Granola formula, inspired by and adapted from Chocolate & Zucchini

The idea is that granola is made up of a few families of ingredients — grains, nuts and seeds, dried fruit, oil, and sweetener — and within these families the possibilities are endless, so the ingredients listed within each category are for inspiration only.

300 g mixed rolled grains (also referred to as flakes): oats, spelt, millet, rye, quinoa, amaranth…

200 g mixed roughly chopped nuts and seeds: almonds, hazelnuts, walnuts, pecans, pistachios, sunflower seeds, pumpkin seeds, sesame seeds…

3 Tbsps oil: olive oil, rapeseed oil, sunflower seed oil, coconut oil… (plus a little for greasing the pan)

6 Tbsps liquid sweetener: honey, maple syrup, date syrup…

1 tsp sea salt

Optional add-ins:
2 handfuls chopped dried fruit: raisins, apricots, dates, figs, cranberries…

A handful each coconut flakes, chia seeds, puffed amaranth…

5 Tbsps ground flaxseeds, soaked in 5 Tbsps water for 15 minutes

1 tsp ground spices: cinnamon, ginger, cardamom, Christmas spice mix…

Preheat the oven to 150°C (300°F) while preparing the ingredients (the oven doesn’t have to have reached the desired temperature before putting the granola inside).
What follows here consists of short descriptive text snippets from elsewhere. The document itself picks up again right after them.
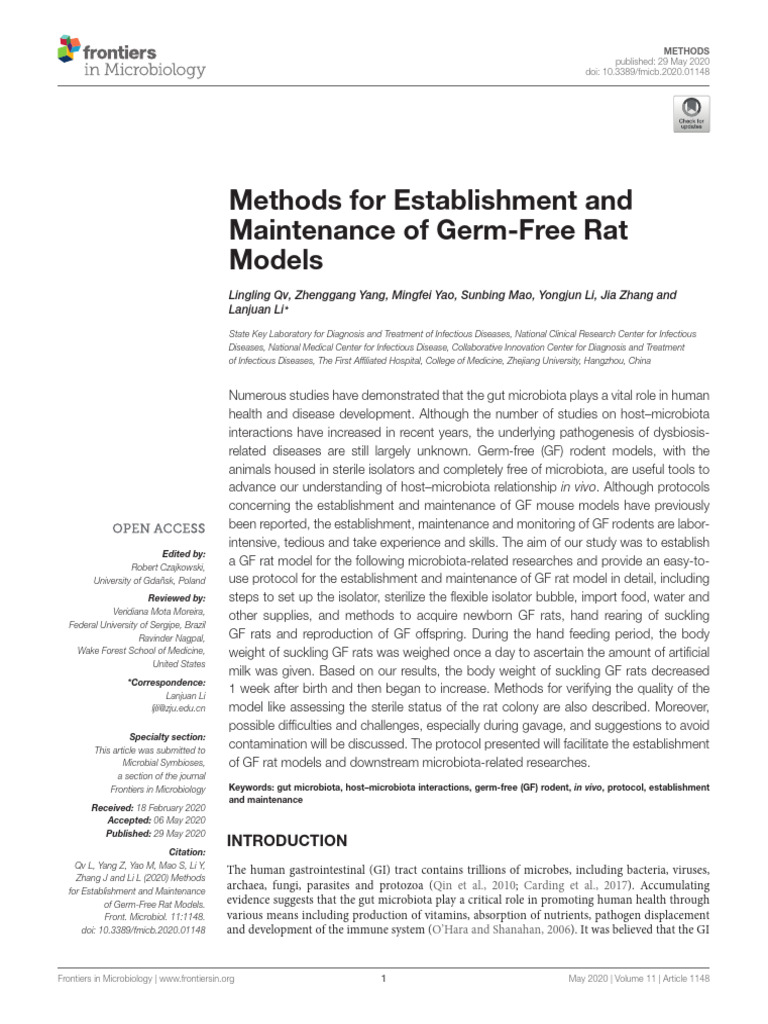 Germ-Free Rat Model Protocols | PDF | Polymerase Chain Reaction ...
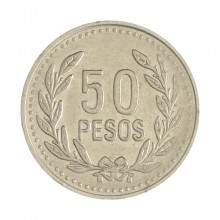 Km#283.2a 50 Pesos 2008 MBC Colômbia  América  Latão com Revestimento de Níquel  21.5(mm) 4.35(gr)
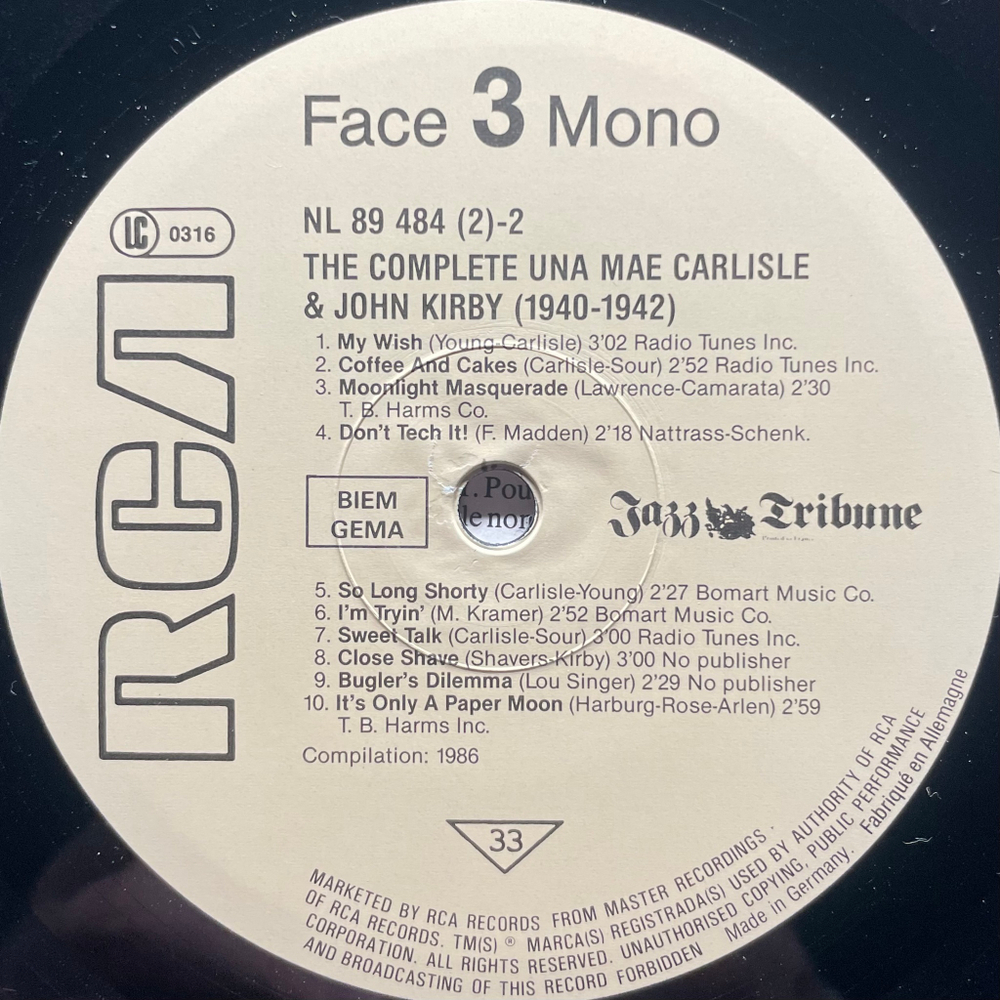 Una Mae Carlisle, John Kirby ‎– The Complete Una Mae Carlisle (1940-1942) And John Kirby (1941-1942) ; Jazz Tribune 64 2LP (Германия 1986г.)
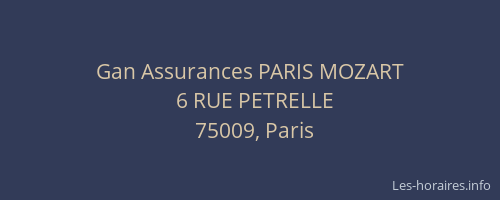 Gan Assurances PARIS MOZART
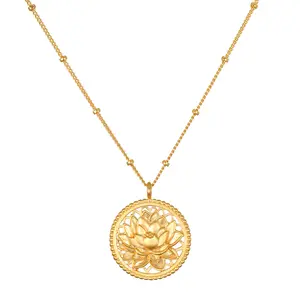 Satya Jewelry Blessed Beginnings Lotus Cut Out Necklace- One year warranty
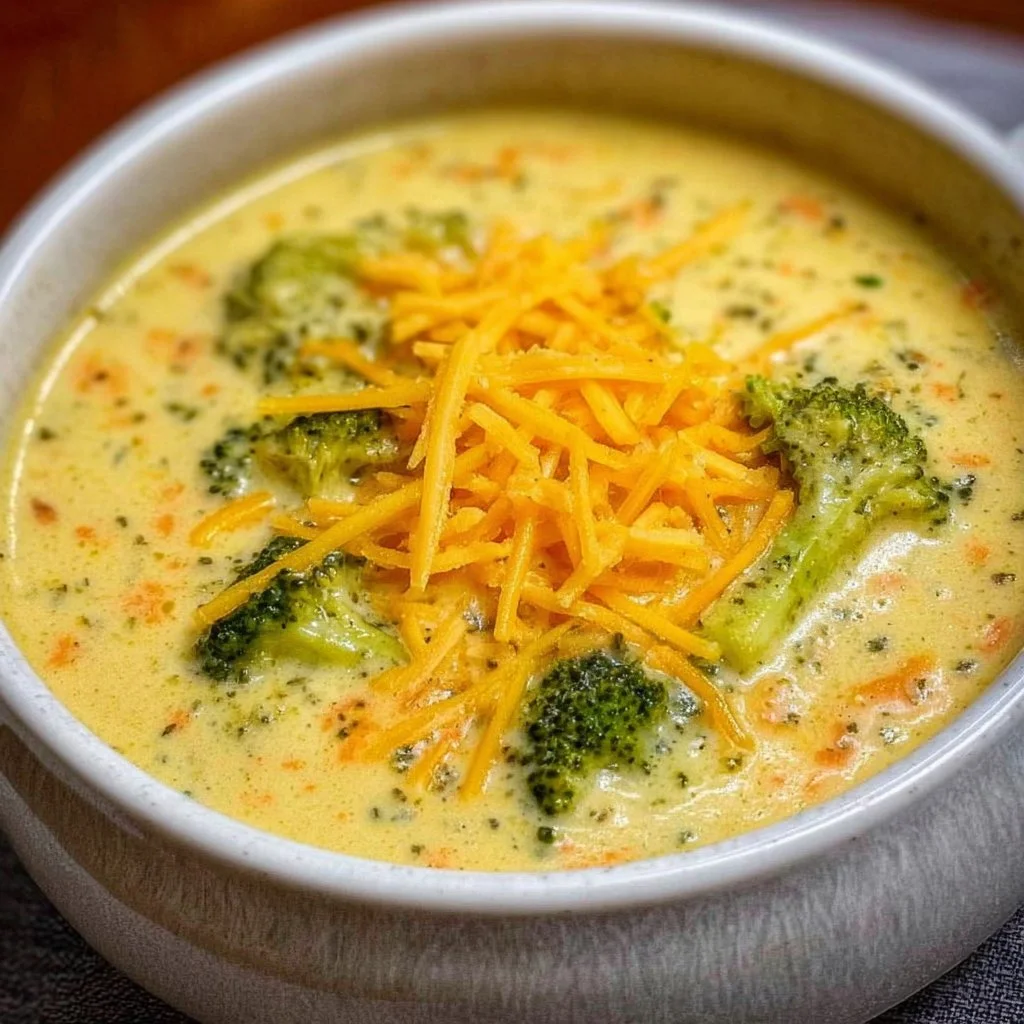 Creamy and delicious easy broccoli cheddar soup served in a bowl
In a large bowl, combine the grains, nuts and seeds, oil, sweetener, and sea salt with a fork or better still by hand, to ensure the ingredients are well coated and mixed together.

If using, add and mix in any additional ingredients, apart from the dried fruit which goes in at the end of the baking time.

Lightly oil a rimmed baking sheet or oven tray. Spread the prepared granola mixture evenly on the tray, and slide into the oven.

Bake for about 30 minutes, stirring regularly every 10 minutes to ensure the granola toasts evenly, until it achieves the desired shade of brown.

About 10 minutes before the end, add the dried fruit. ** The fruit can also be added once the granola is out of the oven, but I like it to be warmed through so it becomes a bit chewy.**

Let the granola cool completely — it will become crisp as it cools — then transfer and store in a lidded glass jar.